Detained Due To Lack Of Immigration Status
- Personal Immigration
Issues Client Faced
- Foreign national setting up a business in the UK
- Entrepreneur Visa
- Definition of human rights
Mr M is a Bangladeshi national who arrived in the UK on 6 February 2010 in order to study in this country. During the course of his studies he decided to submit his own application for an Entrepreneur Visa as he wanted to start his own business in the UK. Unfortunately, this application was refused and his appeal dismissed.
Mr M submitted a further application for a student visa that was also refused and Mr M was informed that the Home Office considered that he had used deception when siting his TOEIC test. Many of our clients faced this allegation and our Firm is involved in litigation in connection with his matter.
Mr M was detained due to his lack of immigration status and he was very frustrated as he had invested a large amount of money in studying in this country and he was now facing removal plus being detained in an Immigration Removal Centre.

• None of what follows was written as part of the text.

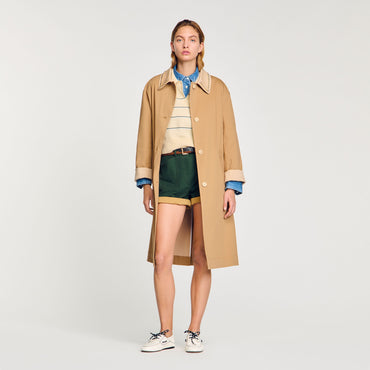 Diderot Trench Coat - Camel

Mr M explained to the Home Office while in detention that he was also in fear of returning to his country for a reason under the Refugee Convention. The Home Office refused to consider his asylum claim without giving him the right to appeal. Furthermore, Removal Directions were set for his removal to Bangladesh.

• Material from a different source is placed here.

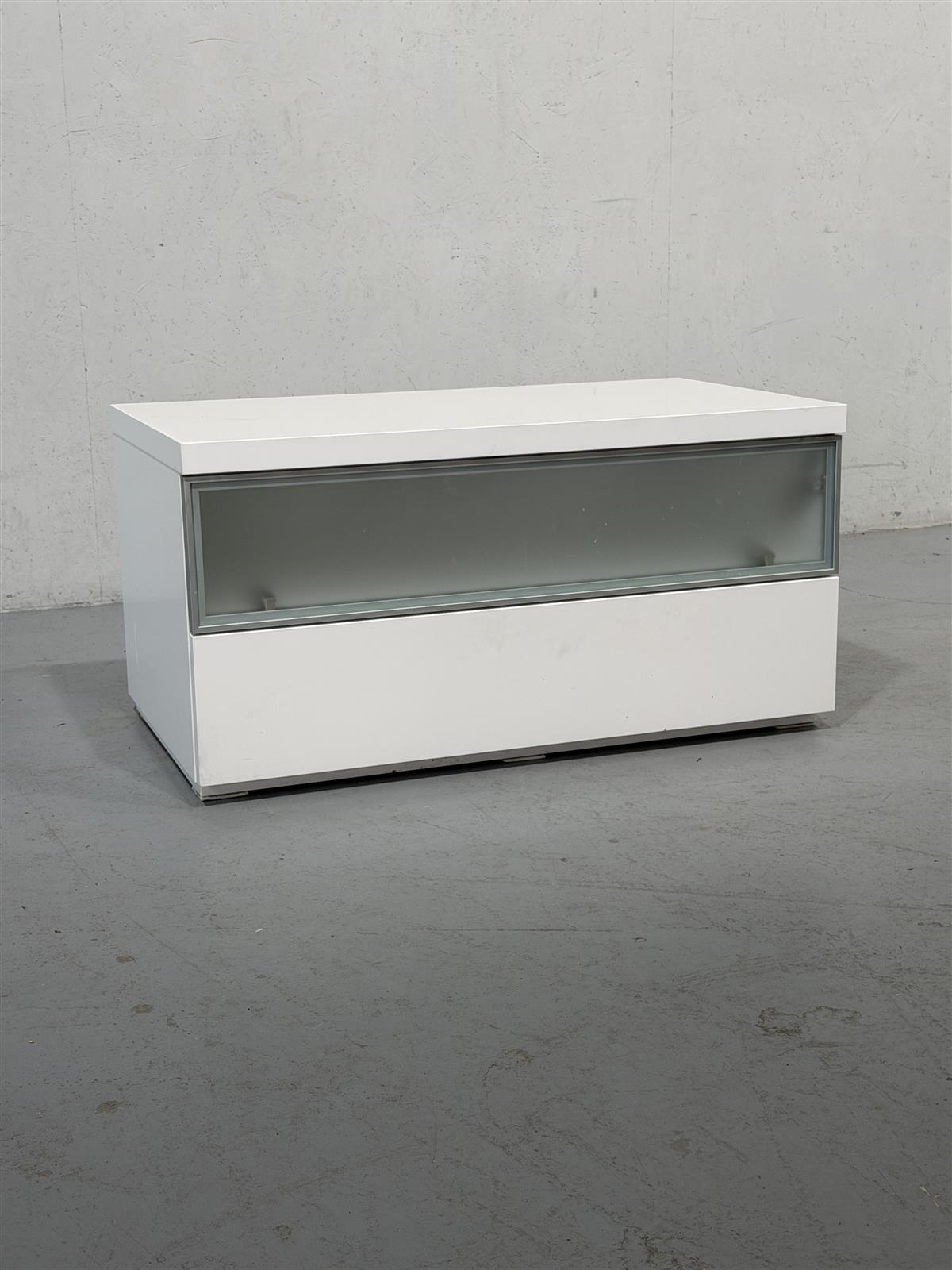 Lumo TV-taso 90cm lasiovella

Mr M instructed us to represent him and an appeal was lodged to the First-tier Tribunal under the current Immigration (IA) Act 2014. This Act introduced dramatic changes in the appeal system, many of which are the subject of litigation. One of the issues under challenge is the definition of human rights claim [see R (on the application of Waqar) v SSHD (statutory appeals/paragraph 3536) IJR UKUT 00169 (IAC)].
Since Mr M had previously argued human rights in his applications, the Home Office treated his asylum claim as further representations. The Home Office concluded that his representations did not create a realistic prospect of success and for this reason, his case was refused without a right of appeal.
However, we disagreed with this position as the IA 2014 states that a decision to refuse a human rights claim attracts an in-country right of appeal. On that basis, Mr M’s appeal was lodged and we successfully obtained a preliminary decision from the Immigration Judge confirming our approach to the IA and listing Mr M’s appeal for a hearing.
The immediate consequence of this was that Mr M’s Removal Directions were cancelled and he was released from detention.
Immigration and Asylum law is a constant changing field where knowledge of the law is as important as years of experience. Mr M’s case is not an isolated case where an educated person tries his best to comply with the Immigration Rules/Acts and fails due to lack of clarity of the same.
We were very pleased to be able to obtain a good result for Mr M and we are looking forward to continued successes.